* _Exercise instructions_:
Using the data below, please return every line exactly as given.

⟨

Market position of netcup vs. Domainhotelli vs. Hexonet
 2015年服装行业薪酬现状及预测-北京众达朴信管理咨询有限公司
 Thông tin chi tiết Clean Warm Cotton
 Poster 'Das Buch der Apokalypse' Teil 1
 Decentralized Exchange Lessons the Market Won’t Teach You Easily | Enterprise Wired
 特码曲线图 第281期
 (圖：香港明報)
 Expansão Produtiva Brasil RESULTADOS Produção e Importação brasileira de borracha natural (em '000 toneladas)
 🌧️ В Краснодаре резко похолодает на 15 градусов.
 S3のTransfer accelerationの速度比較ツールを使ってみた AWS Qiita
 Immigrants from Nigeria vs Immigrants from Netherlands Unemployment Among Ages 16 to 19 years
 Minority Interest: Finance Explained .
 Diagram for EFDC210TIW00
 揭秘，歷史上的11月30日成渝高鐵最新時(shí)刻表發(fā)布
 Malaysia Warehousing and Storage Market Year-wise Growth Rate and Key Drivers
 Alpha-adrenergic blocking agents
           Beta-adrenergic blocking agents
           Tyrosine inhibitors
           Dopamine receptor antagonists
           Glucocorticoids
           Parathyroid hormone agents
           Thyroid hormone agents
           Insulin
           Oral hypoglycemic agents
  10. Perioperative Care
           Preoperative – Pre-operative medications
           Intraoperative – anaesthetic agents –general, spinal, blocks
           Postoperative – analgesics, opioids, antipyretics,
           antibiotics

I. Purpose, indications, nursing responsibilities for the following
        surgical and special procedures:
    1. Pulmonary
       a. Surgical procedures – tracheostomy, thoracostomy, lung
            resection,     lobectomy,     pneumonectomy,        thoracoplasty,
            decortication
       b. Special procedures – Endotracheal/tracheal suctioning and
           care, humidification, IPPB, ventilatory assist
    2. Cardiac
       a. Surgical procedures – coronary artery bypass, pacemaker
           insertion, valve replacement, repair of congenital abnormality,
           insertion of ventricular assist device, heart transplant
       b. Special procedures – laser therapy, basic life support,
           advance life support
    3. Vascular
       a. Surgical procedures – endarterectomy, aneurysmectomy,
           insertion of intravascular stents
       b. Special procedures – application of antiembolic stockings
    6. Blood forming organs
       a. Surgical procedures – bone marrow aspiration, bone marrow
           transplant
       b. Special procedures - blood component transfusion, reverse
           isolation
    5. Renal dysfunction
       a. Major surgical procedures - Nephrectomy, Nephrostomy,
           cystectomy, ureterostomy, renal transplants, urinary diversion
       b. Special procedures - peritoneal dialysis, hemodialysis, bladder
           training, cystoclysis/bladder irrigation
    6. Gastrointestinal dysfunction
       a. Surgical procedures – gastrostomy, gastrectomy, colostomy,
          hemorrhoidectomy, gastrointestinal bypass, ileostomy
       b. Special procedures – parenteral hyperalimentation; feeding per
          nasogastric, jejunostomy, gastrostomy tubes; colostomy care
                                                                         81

⟩

* _Exercise answer_:
Market position of netcup vs. Domainhotelli vs. Hexonet
 2015年服装行业薪酬现状及预测-北京众达朴信管理咨询有限公司
 Thông tin chi tiết Clean Warm Cotton
 Poster 'Das Buch der Apokalypse' Teil 1
 Decentralized Exchange Lessons the Market Won’t Teach You Easily | Enterprise Wired
 特码曲线图 第281期
 (圖：香港明報)
 Expansão Produtiva Brasil RESULTADOS Produção e Importação brasileira de borracha natural (em '000 toneladas)
 🌧️ В Краснодаре резко похолодает на 15 градусов.
 S3のTransfer accelerationの速度比較ツールを使ってみた AWS Qiita
 Immigrants from Nigeria vs Immigrants from Netherlands Unemployment Among Ages 16 to 19 years
 Minority Interest: Finance Explained .
 Diagram for EFDC210TIW00
 揭秘，歷史上的11月30日成渝高鐵最新時(shí)刻表發(fā)布
 Malaysia Warehousing and Storage Market Year-wise Growth Rate and Key Drivers
 Alpha-adrenergic blocking agents
           Beta-adrenergic blocking agents
           Tyrosine inhibitors
           Dopamine receptor antagonists
           Glucocorticoids
           Parathyroid hormone agents
           Thyroid hormone agents
           Insulin
           Oral hypoglycemic agents
  10. Perioperative Care
           Preoperative – Pre-operative medications
           Intraoperative – anaesthetic agents –general, spinal, blocks
           Postoperative – analgesics, opioids, antipyretics,
           antibiotics

I. Purpose, indications, nursing responsibilities for the following
        surgical and special procedures:
    1. Pulmonary
       a. Surgical procedures – tracheostomy, thoracostomy, lung
            resection,     lobectomy,     pneumonectomy,        thoracoplasty,
            decortication
       b. Special procedures – Endotracheal/tracheal suctioning and
           care, humidification, IPPB, ventilatory assist
    2. Cardiac
       a. Surgical procedures – coronary artery bypass, pacemaker
           insertion, valve replacement, repair of congenital abnormality,
           insertion of ventricular assist device, heart transplant
       b. Special procedures – laser therapy, basic life support,
           advance life support
    3. Vascular
       a. Surgical procedures – endarterectomy, aneurysmectomy,
           insertion of intravascular stents
       b. Special procedures – application of antiembolic stockings
    6. Blood forming organs
       a. Surgical procedures – bone marrow aspiration, bone marrow
           transplant
       b. Special procedures - blood component transfusion, reverse
           isolation
    5. Renal dysfunction
       a. Major surgical procedures - Nephrectomy, Nephrostomy,
           cystectomy, ureterostomy, renal transplants, urinary diversion
       b. Special procedures - peritoneal dialysis, hemodialysis, bladder
           training, cystoclysis/bladder irrigation
    6. Gastrointestinal dysfunction
       a. Surgical procedures – gastrostomy, gastrectomy, colostomy,
          hemorrhoidectomy, gastrointestinal bypass, ileostomy
       b. Special procedures – parenteral hyperalimentation; feeding per
          nasogastric, jejunostomy, gastrostomy tubes; colostomy care
                                                                         81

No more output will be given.